__TASK PROMPT__. Only the lines below from the one containing "1148 Cordova Avenue, Glendale, California" to the one containing "Used Toyota Camry" should be repeated, both included and unchanged.

__ENTRIES SUPPLIED__.
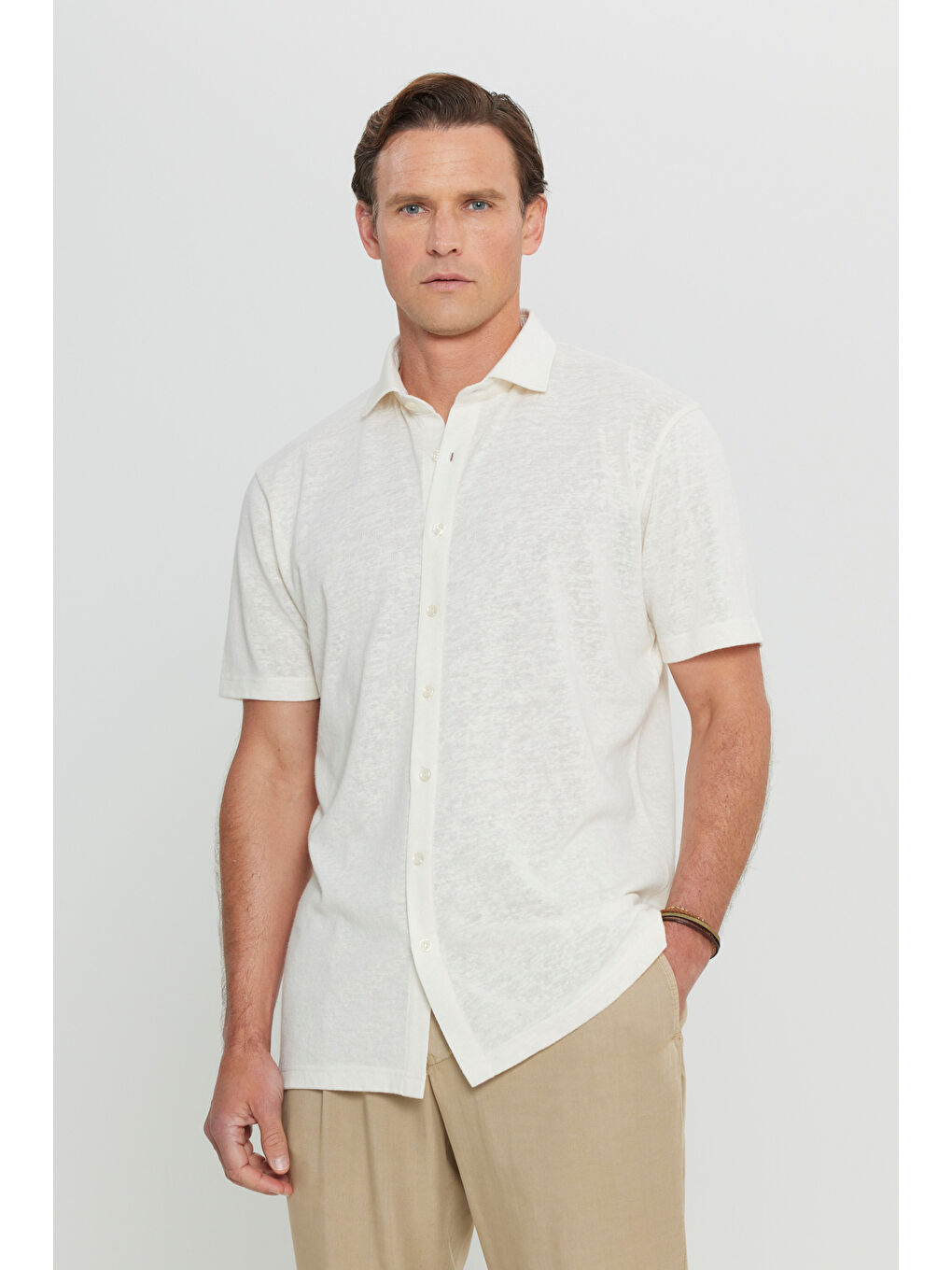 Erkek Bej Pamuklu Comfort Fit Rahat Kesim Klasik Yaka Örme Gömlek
...
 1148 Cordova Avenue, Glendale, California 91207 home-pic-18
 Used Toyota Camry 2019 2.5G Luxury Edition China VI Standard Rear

__TASK RESPONSE__.
 1148 Cordova Avenue, Glendale, California 91207 home-pic-18
 Used Toyota Camry 2019 2.5G Luxury Edition China VI Standard Rear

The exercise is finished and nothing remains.